**TASK BRIEF:**
Omit all pictures and transcribe only the lines in the entries below that run from the line with "Large ceramic bowl" through the line with "a store filled".

**SUPPLIED ENTRIES:**
• • • • • • •

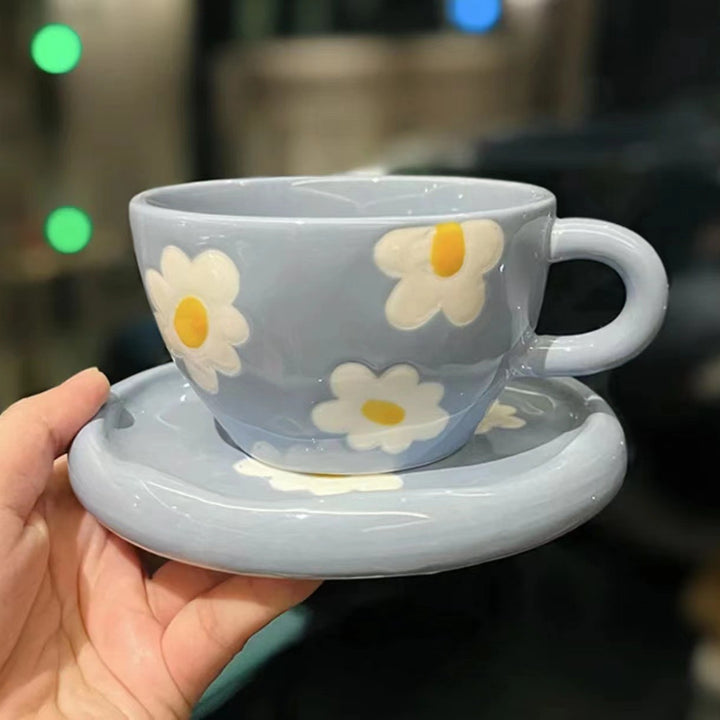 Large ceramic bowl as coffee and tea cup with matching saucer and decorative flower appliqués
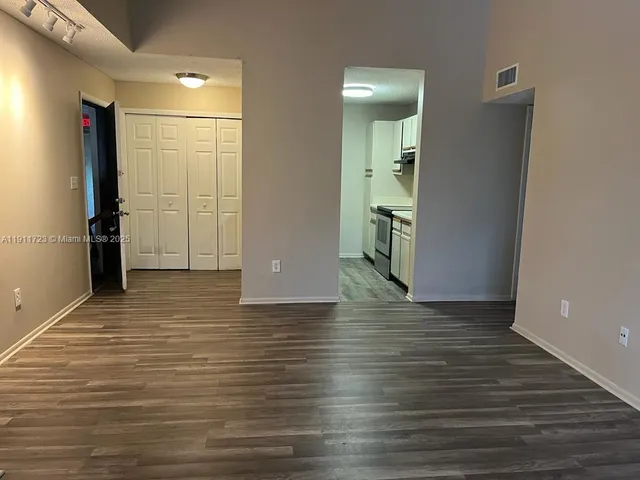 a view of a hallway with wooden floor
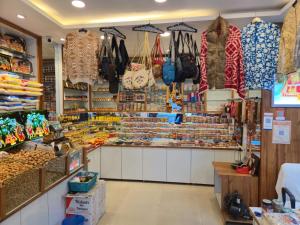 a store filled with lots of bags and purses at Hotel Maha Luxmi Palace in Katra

• • • • • • •

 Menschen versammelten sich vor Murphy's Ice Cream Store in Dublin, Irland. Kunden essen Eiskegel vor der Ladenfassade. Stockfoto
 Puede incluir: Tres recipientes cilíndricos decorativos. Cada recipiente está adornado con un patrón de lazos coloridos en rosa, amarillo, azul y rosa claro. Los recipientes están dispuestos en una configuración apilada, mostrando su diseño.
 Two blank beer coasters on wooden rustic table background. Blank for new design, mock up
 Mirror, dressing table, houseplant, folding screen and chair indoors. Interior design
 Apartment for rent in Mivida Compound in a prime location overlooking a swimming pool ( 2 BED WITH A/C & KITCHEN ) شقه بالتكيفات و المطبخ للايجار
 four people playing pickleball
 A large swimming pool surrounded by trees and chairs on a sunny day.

• • • • • • •

**RESULT OF THIS TASK:**
 Large ceramic bowl as coffee and tea cup with matching saucer and decorative flower appliqués
 a view of a hallway with wooden floor
 a store filled with lots of bags and purses at Hotel Maha Luxmi Palace in Katra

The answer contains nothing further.